Dans cette configuration, le temps n'existe pas. Il serait très déformateur d'expliquer que Dieu est l'état d'incomplétude antérieur à l'ordonnation. Dieu est le complément qui n'existerait pas sans son complément ordonné. Dieu est le père des jumeaux néanthéistes, mais un père qui ne serait rien sans ses enfants. Ainsi tombons-nous sur une conception de Dieu qui est complément et qui est incomplétude. Dans le transcendantalisme, le prolongement implique que le divin soit perfection. Dans le néanthéisme, le divin est imperfection. Il a besoin du réel et il n'est qu'une part du réel.
Si l'on voulait instaurer Dieu dans le temps, on oserait que Dieu précède le temps, mais si l'on comprend la simultanéité et la signification du temps, on comprend que Dieu est contenu dans le temps et que l'extraordinaire pouvoir de Dieu consiste à avoir suscité les mondes infinis et indéfinis pour compléter sa propre carence et pour assurer sa pérennité à jamais. Dans cet ordre, il coule de source qu'une part de nous ressortit du divin, comme il coule de source que ce que nous percevons de nous actuellement n'est jamais que la partie tronquée et morcelée de ce que nous sommes.

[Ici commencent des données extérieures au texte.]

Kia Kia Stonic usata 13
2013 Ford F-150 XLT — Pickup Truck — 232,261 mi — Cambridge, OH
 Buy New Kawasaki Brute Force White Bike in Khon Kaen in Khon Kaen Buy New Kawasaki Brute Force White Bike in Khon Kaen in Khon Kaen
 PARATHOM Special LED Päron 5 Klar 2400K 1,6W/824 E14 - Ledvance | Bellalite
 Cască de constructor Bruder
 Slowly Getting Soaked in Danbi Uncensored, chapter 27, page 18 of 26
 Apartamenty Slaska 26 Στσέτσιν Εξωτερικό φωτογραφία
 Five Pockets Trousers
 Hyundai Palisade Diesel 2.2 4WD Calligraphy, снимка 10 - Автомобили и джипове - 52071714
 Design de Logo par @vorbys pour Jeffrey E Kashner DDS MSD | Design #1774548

Nous sommes une partie du réel qui ne se réduit pas à son expression sensible mais qui existe dans toutes les parties morcelées de ce réel. Notre principe de simultanéité implique que notre présence au sensible ne soit qu'une partie de notre présence au monde en tant que notre présence est morcelée; et que notre présence morcelée soit aussi présence à Dieu.
Qui est Dieu? Le père des jumeaux est celui qui n'est pas morcelé - les parts de morcelé recèlent leur part d'unicité. Cette définition de Dieu est la définition de l'unité, dont le propre n'est pas d'être l'intégralité, mais d'être la dimension non morcelé du réel. A cet égard, il n'est pas envisageable de réduire le non morcelé à une représentation statique et parcellaire. Le domaine du divin s'exprime en termes de dimension dynamique. Il est l'incomplet qui en tant que non morcelé présente un rapport de simplicité et d'unicité avec chacune des parts morcelées.
Il est dans un rapport dynamique avec le réel qui le rend indépendant du réel tout en l'intégrant dans son champ. Cette conception dynamique explique que la représentation chronologique d'antériorité ne convienne pas pour qualifier un rapport de simultanéité et d'incomplétude.